» **WHAT THE TASK REQUIRES**
A single number is required: how many lines below include the string "Pink".

Short web captions:

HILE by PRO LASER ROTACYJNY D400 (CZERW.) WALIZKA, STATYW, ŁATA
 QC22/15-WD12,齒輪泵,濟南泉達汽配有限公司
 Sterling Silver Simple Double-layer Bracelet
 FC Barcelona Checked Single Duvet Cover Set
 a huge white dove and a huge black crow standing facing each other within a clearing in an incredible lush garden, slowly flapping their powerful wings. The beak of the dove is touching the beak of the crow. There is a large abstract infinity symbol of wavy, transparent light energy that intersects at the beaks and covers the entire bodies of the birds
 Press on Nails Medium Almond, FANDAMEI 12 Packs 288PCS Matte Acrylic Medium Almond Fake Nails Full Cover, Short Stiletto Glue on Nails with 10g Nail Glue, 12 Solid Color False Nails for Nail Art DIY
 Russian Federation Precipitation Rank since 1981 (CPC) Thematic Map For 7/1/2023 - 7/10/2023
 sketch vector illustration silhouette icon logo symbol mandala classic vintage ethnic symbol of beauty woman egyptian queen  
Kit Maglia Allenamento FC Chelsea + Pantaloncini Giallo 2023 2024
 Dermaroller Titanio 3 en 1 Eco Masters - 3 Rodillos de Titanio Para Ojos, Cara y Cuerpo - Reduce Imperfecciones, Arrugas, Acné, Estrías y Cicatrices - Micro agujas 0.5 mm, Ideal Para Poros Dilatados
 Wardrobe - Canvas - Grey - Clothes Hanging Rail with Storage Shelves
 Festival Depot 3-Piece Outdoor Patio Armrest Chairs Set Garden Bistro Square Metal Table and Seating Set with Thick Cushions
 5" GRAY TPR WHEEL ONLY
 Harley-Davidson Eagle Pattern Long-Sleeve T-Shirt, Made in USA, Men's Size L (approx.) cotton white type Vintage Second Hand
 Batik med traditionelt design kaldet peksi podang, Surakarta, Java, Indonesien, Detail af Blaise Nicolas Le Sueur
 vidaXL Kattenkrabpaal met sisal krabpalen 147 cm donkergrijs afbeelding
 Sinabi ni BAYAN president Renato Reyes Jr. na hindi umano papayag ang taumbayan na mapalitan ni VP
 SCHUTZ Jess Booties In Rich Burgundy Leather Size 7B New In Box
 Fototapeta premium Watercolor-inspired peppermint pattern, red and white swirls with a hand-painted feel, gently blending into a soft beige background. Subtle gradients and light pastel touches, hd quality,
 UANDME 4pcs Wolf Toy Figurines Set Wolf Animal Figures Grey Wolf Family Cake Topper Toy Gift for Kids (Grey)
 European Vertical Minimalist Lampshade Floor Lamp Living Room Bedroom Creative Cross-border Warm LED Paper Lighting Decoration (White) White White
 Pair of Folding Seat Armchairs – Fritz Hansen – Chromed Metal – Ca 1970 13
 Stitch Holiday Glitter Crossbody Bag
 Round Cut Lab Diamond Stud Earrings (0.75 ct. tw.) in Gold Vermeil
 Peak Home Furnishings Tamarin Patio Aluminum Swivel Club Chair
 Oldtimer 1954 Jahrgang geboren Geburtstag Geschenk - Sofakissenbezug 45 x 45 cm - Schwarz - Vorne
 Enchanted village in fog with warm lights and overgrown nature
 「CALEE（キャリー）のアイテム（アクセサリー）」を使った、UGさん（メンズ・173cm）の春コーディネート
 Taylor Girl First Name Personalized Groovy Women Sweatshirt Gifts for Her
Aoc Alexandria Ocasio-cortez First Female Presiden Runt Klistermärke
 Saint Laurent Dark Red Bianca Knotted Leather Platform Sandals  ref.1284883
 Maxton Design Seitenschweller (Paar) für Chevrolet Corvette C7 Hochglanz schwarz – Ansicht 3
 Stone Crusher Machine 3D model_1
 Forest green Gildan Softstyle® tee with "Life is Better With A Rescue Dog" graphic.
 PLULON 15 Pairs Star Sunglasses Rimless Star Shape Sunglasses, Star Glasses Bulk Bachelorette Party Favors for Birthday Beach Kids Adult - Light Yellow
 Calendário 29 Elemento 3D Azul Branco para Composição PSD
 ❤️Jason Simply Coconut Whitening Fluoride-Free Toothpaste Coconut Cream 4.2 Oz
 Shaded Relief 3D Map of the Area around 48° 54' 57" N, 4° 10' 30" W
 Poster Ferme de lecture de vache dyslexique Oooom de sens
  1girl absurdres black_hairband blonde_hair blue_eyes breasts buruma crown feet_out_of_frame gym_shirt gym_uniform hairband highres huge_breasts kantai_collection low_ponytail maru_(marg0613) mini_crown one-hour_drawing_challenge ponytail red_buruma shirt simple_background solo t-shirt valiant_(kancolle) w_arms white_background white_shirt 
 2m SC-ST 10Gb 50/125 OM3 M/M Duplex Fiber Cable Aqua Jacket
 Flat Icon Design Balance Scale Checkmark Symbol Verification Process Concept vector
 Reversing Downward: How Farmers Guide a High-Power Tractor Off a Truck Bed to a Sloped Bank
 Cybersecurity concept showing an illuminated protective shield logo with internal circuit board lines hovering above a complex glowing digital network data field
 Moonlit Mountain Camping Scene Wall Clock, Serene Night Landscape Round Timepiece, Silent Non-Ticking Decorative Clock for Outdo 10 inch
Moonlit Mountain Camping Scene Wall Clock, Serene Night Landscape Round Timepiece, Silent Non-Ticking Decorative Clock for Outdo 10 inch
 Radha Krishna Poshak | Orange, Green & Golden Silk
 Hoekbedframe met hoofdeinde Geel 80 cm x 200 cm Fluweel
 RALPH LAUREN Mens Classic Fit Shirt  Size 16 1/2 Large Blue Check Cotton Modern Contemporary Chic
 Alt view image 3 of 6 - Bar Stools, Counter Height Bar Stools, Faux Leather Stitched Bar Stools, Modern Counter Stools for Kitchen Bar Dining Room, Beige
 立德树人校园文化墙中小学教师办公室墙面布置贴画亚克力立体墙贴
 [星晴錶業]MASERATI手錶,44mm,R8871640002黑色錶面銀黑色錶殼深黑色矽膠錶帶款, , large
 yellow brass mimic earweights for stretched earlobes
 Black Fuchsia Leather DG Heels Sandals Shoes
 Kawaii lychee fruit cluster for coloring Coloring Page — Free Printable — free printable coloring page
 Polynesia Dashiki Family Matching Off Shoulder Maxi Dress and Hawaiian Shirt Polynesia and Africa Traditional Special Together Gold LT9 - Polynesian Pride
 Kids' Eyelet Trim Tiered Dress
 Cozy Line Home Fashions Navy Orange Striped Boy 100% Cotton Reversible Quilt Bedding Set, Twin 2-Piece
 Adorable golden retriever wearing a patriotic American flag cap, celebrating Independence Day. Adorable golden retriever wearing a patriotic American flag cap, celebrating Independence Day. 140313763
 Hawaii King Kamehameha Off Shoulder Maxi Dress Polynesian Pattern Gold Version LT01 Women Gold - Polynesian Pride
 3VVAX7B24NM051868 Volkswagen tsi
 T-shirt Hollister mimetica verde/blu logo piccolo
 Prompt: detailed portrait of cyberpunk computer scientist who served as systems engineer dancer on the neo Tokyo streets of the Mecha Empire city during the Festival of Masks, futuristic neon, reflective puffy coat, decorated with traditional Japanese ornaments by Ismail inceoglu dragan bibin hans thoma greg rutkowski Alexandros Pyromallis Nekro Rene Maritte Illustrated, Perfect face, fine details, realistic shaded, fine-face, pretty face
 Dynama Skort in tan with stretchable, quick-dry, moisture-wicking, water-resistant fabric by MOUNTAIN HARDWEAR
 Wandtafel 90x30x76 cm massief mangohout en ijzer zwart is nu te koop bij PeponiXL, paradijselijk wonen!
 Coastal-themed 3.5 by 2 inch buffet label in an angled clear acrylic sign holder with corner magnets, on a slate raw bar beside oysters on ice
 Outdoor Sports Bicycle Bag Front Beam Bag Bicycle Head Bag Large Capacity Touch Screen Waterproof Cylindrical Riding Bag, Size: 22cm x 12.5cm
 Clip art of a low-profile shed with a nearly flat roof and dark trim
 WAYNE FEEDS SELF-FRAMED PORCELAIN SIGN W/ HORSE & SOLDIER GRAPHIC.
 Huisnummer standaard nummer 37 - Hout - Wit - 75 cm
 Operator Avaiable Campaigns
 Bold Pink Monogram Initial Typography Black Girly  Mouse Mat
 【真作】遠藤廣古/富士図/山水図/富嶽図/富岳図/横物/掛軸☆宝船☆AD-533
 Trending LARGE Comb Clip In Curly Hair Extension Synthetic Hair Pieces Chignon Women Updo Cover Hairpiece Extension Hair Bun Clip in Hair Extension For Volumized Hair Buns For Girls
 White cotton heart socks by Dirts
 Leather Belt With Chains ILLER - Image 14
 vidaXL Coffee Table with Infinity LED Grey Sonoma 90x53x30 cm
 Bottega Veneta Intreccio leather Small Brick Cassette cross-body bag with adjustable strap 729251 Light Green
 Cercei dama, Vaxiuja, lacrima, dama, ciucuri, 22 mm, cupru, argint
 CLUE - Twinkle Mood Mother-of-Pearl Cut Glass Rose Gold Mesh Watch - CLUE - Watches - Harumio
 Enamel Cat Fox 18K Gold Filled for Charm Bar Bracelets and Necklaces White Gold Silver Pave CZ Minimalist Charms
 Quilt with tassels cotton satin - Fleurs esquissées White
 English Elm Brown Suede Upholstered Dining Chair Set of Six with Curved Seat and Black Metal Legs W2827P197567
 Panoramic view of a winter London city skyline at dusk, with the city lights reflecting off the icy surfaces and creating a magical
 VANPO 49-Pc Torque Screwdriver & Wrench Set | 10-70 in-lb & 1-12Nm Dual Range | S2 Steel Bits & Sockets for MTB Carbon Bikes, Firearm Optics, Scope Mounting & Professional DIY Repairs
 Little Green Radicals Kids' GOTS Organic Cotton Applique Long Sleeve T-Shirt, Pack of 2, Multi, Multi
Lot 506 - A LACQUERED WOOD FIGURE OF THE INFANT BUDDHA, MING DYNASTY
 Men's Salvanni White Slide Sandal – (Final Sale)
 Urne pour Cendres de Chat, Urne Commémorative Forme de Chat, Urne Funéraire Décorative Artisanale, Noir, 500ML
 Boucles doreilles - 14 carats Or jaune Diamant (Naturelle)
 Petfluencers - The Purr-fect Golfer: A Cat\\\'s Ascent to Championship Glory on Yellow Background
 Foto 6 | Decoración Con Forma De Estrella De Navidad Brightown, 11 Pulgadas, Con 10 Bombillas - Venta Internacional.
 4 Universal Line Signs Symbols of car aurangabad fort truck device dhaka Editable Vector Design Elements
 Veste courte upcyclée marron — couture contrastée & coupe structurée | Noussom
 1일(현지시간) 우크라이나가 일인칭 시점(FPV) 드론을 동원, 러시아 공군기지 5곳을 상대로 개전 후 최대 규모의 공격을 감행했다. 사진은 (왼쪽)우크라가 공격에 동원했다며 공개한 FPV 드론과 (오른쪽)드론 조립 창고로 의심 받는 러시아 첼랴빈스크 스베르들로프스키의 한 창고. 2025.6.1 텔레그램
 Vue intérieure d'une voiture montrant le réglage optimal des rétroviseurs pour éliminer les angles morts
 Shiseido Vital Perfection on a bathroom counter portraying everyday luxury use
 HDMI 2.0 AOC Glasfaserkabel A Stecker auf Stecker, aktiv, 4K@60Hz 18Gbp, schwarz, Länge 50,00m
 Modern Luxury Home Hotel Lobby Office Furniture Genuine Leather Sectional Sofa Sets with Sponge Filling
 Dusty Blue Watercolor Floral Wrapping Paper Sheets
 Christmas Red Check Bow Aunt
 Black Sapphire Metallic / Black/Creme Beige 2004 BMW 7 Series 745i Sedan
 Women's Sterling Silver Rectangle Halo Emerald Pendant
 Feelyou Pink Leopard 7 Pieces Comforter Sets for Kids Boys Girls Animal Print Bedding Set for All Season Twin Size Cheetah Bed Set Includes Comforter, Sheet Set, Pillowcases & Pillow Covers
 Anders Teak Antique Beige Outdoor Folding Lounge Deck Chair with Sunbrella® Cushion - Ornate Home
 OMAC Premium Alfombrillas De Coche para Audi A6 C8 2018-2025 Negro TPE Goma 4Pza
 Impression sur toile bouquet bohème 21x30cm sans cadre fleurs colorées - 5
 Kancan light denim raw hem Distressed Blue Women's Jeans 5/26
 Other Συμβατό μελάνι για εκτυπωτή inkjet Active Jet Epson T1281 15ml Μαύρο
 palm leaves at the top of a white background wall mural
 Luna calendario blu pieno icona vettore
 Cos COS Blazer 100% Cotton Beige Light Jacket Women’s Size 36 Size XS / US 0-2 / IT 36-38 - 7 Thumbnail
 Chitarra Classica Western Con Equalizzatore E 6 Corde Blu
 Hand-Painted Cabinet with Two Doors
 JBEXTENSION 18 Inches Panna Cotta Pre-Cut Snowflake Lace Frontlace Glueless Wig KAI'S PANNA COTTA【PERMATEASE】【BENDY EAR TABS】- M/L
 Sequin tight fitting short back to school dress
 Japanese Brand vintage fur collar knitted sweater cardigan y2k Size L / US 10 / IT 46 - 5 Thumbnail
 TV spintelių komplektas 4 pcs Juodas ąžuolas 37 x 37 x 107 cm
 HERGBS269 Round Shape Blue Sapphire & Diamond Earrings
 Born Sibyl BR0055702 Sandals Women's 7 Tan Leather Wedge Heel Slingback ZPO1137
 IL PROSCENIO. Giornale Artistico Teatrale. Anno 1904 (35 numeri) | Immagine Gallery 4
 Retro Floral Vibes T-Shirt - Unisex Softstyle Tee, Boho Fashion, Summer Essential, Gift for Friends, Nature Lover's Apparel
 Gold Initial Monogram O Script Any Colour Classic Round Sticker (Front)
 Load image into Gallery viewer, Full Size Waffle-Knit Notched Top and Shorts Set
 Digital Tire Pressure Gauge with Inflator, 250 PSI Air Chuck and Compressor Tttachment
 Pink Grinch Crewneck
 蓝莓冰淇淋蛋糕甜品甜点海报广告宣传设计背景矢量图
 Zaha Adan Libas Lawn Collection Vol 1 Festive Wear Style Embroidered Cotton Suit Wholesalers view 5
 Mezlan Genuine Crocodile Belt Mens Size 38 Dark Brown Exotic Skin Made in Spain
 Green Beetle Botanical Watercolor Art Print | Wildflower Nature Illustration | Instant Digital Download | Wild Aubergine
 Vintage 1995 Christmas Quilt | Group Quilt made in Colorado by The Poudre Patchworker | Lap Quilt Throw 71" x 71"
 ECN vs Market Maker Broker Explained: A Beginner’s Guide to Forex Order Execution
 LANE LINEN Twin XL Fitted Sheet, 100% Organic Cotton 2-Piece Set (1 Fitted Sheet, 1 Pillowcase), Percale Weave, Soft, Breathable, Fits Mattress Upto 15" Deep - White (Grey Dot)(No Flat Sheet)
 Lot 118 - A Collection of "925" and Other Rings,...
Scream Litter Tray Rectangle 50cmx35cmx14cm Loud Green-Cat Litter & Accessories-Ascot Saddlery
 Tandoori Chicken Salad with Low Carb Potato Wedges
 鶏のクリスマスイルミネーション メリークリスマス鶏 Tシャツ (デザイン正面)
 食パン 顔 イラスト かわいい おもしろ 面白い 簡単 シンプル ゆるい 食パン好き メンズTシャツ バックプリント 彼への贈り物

» **RESULT OF THE TASK**
3